Try it
Your task is to restate every entry below word for word and omit the images.

::::::

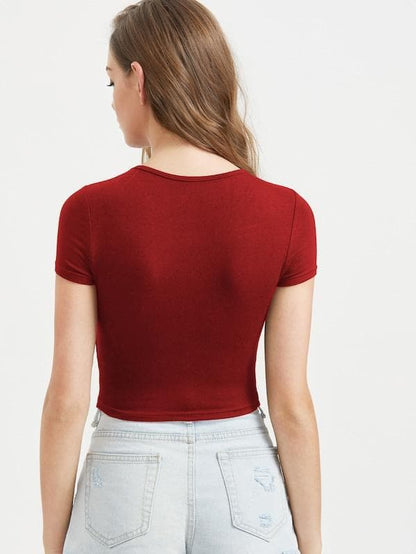 Round Neck Cap Sleeve Form Fitted Glitter Crop Top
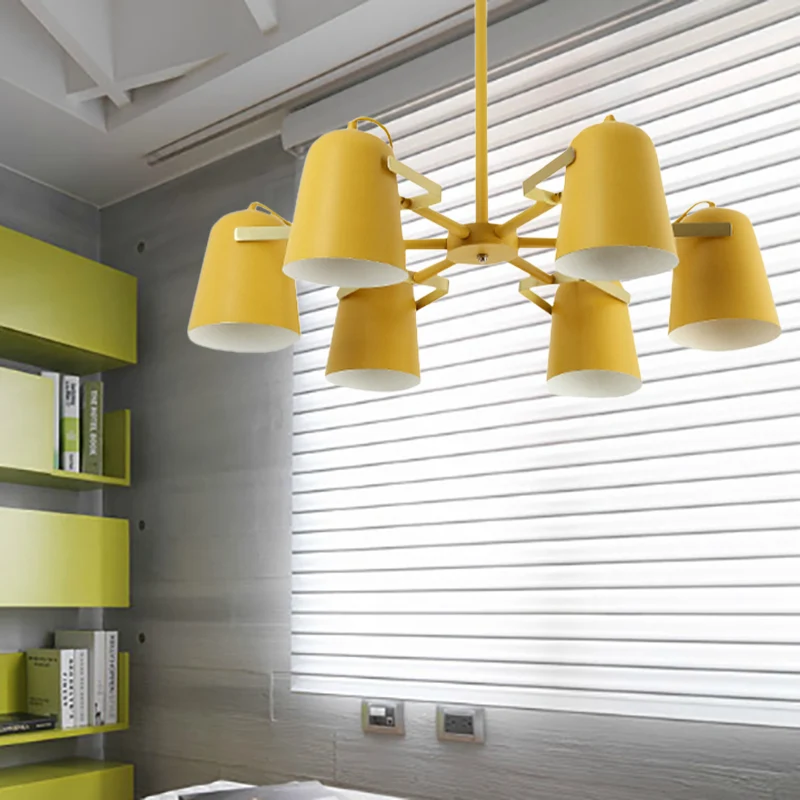 Bell Shade Woonkamer Hangende Verlichting Ijzer Moderne Mode Hangende Kroonluchter Clearhalo
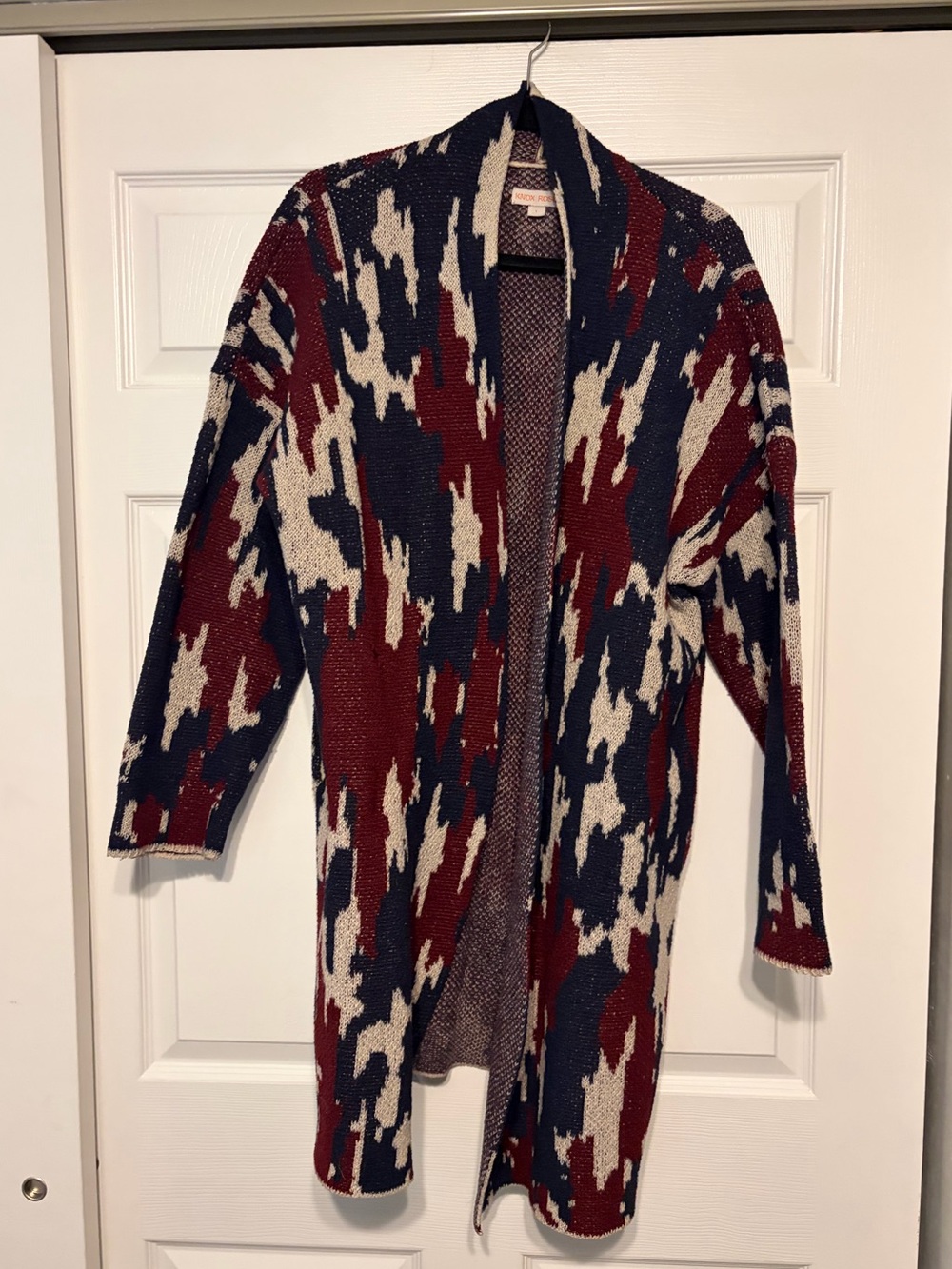 Knox Rose Long Open Cardigan Duster Sweater Burgundy Navy Cream Women’s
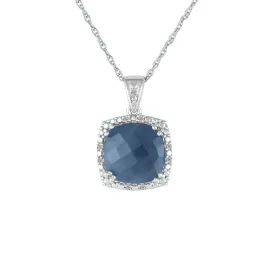 Genuine Sapphire and Diamond Accent Pendant in Silver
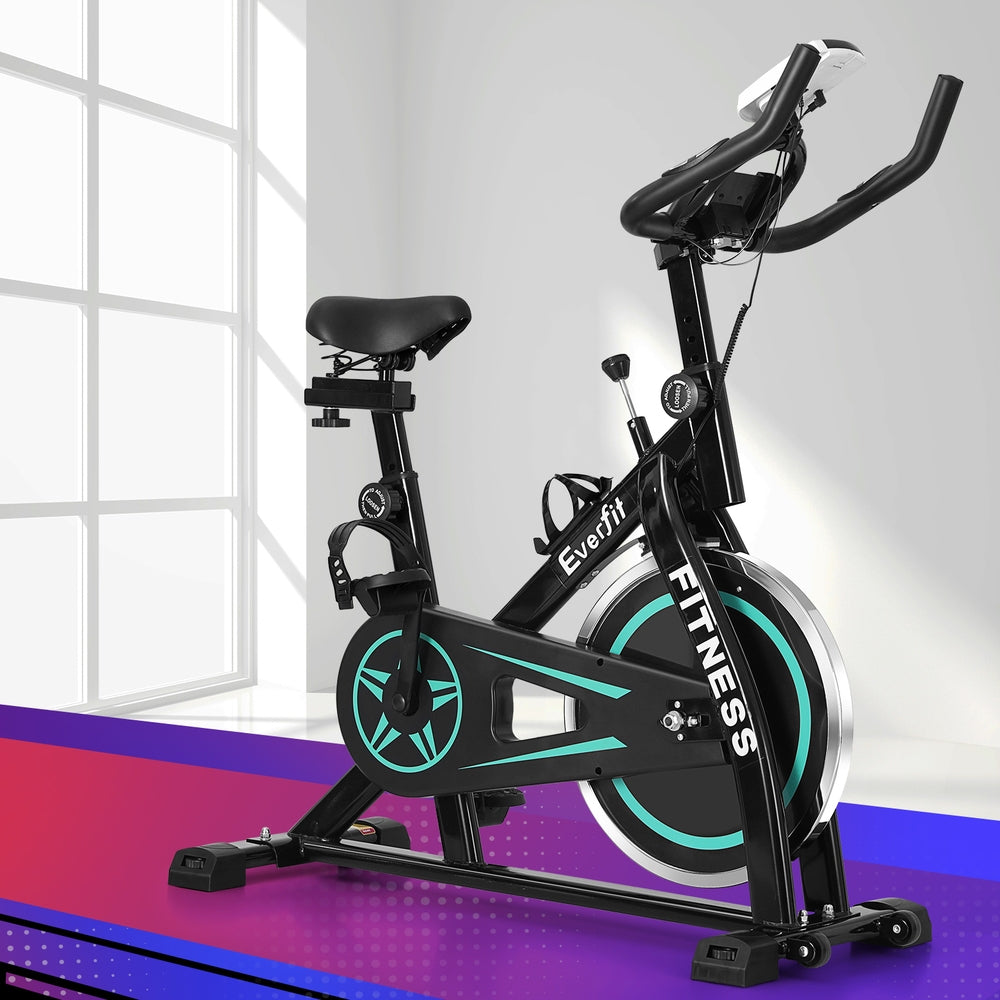 Black Everfit spin bike with 10kg flywheel, digital display, adjustable seat, suitable for home gym, online Fitness Depot brand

::::::

Worked solution
 Round Neck Cap Sleeve Form Fitted Glitter Crop Top
 Bell Shade Woonkamer Hangende Verlichting Ijzer Moderne Mode Hangende Kroonluchter Clearhalo
 Knox Rose Long Open Cardigan Duster Sweater Burgundy Navy Cream Women’s
 Genuine Sapphire and Diamond Accent Pendant in Silver
 Black Everfit spin bike with 10kg flywheel, digital display, adjustable seat, suitable for home gym, online Fitness Depot brand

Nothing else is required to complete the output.